Implicatory Denial and Soft-core Denial

Overall, soft-core denial in Lipstadt’s framework most closely aligns to Cohen’s implicatory denial definition. This in turn aligns with the final two types of denial highlighted by Charny: nationalistic hubris of self-involvement which justify exclusion of others and human shallowness. It is these types of modern denial that must be more urgently analyzed and understood when considering the Holocaust today. They are wrapped up intimately with antizionist antisemitism. If one truly believes the “Israelis are the new Nazis” that Jews were collaborators through the Zionist project in their own genocidal deaths for the sake of creating the state of Israel and that Jews have exaggerated the claims of mistreatment by various nation states and peoples during the Holocaust it’s not altogether that surprising that there is a waning interest in the Holocaust among younger generations who see themselves as torch bearers of progressive causes. If Jews are equated with this type of evil then it is unsurprising that statements like “‘Jews still talk too much about what happened to them in the Holocaust” can be agreed to by so many. It is wholly unsurprising that knowledge of the Holocaust continues to decline. Why study the Jews who are the cause of their own sorrows as opposed to more ‘innocent’ victims of genocide? When antisemitic attacks occur why should we be as concerned given that Jews may be themselves responsible for those attacks through their behavior, whether that behavior entails identifying as a Zionist or merely wearing a symbol of Judaism like a kippot

As Cohen notes, with implicatory denials “there is no attempt to deny either the facts or their conventional interpretation. What are denied or minimized are the psychological, political or moral implications that conventionally follow”. There is a way in which this occurs because of an overload of tragedy where the person tasked with caring says “yeah it’s terrible but what do you want me to do about it?”. There is another sense, though, in which implicatory denial can be “wholly bland and unapologetic” It is in this sense that we see Lipstadt’s concept of soft-core denial and modern antizionist antisemitism meet. Cohen notes that such responses usually include statements like “‘It doesn’t bother me’, ‘Not my problem’, ‘I’ve got better things to think about’, ‘What’s the big fuss about?’, ‘So what?’” In Cohen’s view the primary problem with implicatory denial is that “unlike literal or interpretive denial, knowledge itself is not at issue, but doing the ‘right’ thing with this knowledge. These are matters of mobilization, commitment and involvement.”

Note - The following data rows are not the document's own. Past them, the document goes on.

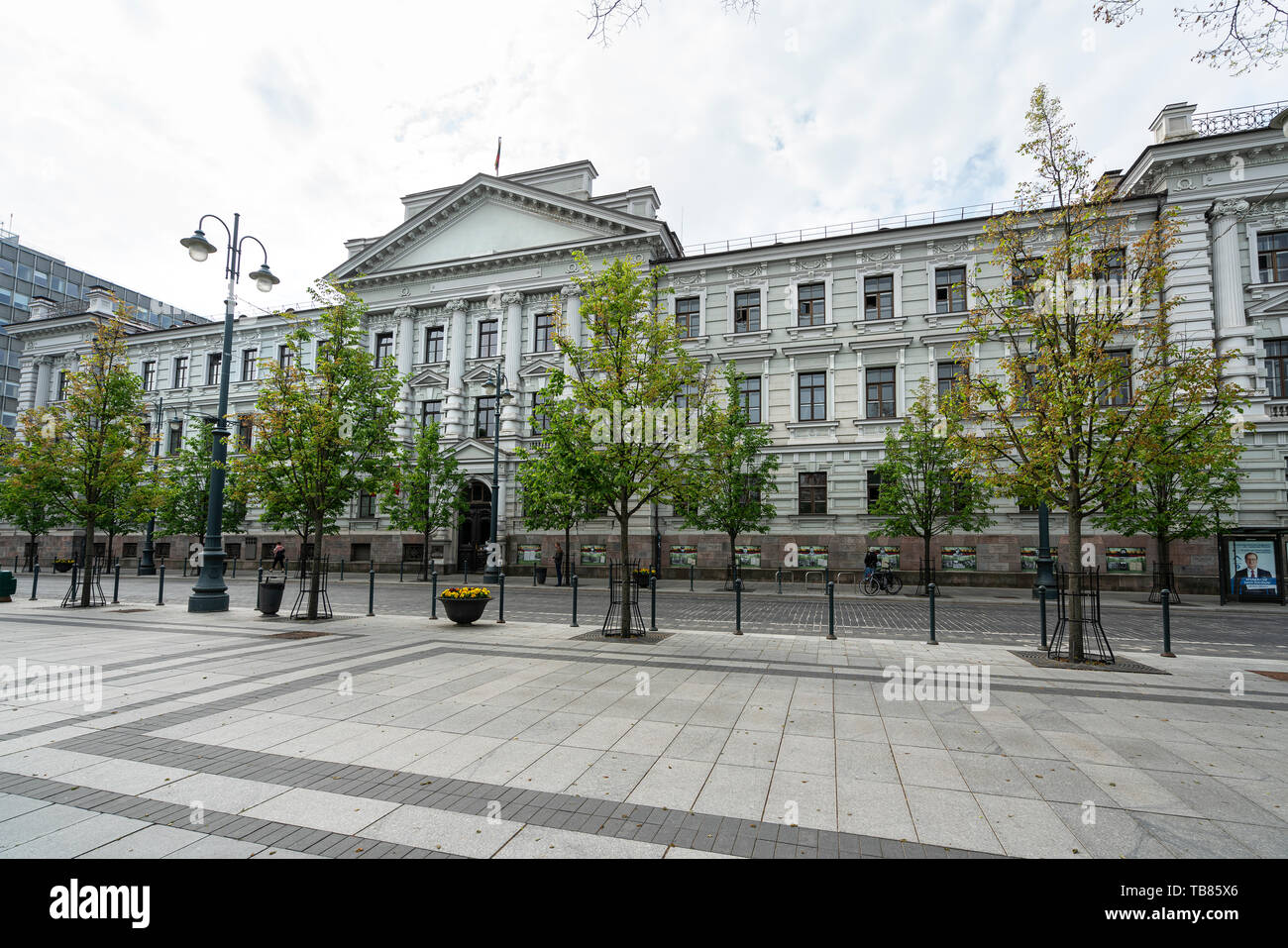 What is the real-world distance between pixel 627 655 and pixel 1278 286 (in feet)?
99.7

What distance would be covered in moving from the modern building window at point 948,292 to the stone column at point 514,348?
2144 centimetres

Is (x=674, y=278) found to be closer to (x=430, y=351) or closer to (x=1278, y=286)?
(x=430, y=351)

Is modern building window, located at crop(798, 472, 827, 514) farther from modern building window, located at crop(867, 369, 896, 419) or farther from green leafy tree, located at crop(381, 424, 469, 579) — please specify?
green leafy tree, located at crop(381, 424, 469, 579)

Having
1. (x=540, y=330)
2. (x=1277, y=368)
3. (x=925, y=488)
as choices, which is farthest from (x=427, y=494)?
(x=1277, y=368)

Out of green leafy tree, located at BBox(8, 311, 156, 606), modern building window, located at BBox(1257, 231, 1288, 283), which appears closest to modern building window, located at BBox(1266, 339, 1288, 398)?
modern building window, located at BBox(1257, 231, 1288, 283)

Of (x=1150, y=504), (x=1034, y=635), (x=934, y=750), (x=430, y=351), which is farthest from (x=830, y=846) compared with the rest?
(x=430, y=351)

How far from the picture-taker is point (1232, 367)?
78.4 feet

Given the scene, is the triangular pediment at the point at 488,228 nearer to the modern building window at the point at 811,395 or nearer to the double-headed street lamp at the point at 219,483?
the modern building window at the point at 811,395

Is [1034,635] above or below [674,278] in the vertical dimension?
below

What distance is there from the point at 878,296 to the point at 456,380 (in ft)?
75.5

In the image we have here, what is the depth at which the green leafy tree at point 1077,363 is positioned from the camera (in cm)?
1007

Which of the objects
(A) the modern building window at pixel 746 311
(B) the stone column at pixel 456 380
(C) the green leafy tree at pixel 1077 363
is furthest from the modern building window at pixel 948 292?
(B) the stone column at pixel 456 380

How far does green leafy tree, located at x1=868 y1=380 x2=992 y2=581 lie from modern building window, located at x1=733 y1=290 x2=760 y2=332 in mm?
9789

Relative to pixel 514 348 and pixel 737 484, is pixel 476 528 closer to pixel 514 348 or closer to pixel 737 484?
pixel 514 348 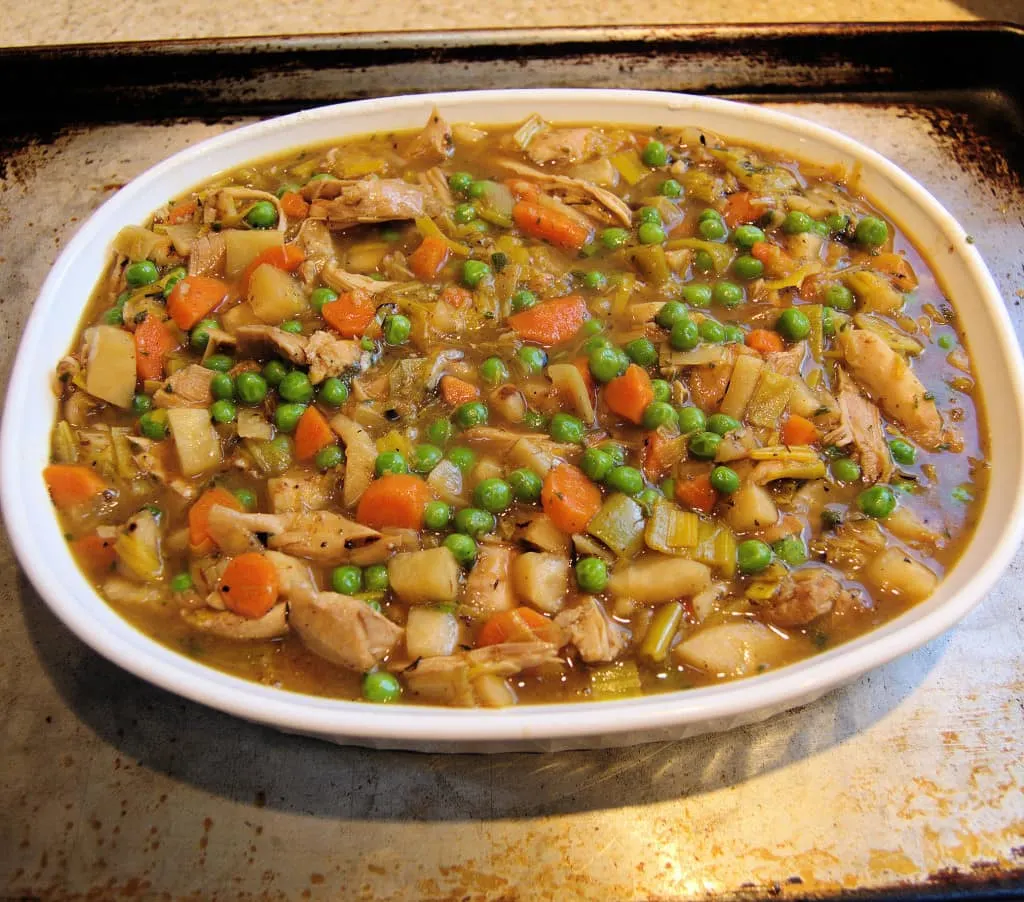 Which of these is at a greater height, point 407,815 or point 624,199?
point 624,199

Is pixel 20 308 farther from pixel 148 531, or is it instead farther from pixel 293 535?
pixel 293 535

Doing ‘Something’: Holocaust Education and Memorialization 

Most attempts to combat denial and declining knowledge of the Holocaust have revolved around the push for mandatory Holocaust education in schools and an increased drive to capture survivor testimony in various archives to further educate the public through memorials, museums and centers. This is undoubtedly very important work. However, is this the only form of Stanley Cohen’s call to “mobilization, commitment and involvement” that we can consider? What other ways can we mobilize and commit to actively oppose Holocaust denial?

As noted by Noah Shenker in his work Embodied Memory, one difficulty with Holocaust memory in the United States in particular is that much of the Holocaust testimony in museums and archives leans toward serving the purpose of providing a universal, redemptive message. The problematic nature of this approach is that it does not increase knowledge of the Holocaust as it really was but rather uses it as a tool for messages about redemption, hope and triumph over adversity. It ends up universalizing the Holocaust and becomes a “feel good” story divorced from the dissociative horror of the real thing. One would be hard pressed to think of a popular representation of the Holocaust the does not end with this message. 

The universalization of the Holocaust in this way also increases the danger of banalization through rote, falling under Charny’s sixth classification: human shallowness. This occurs when there is a banalization of genocidal events and fetishization of or fascination with violence and genocide associated with those events. We can see how the universalization of the Holocaust message as a historical lesson of “good vs. evil” can divorce it from the issue of not only historical antisemitism, but modern forms of antisemitism that reach back to minimize the horror through both soft-core and implicatory denial. This increased universalization and banalization along with the increasing prevalence of soft-core denial makes for a toxic combination. 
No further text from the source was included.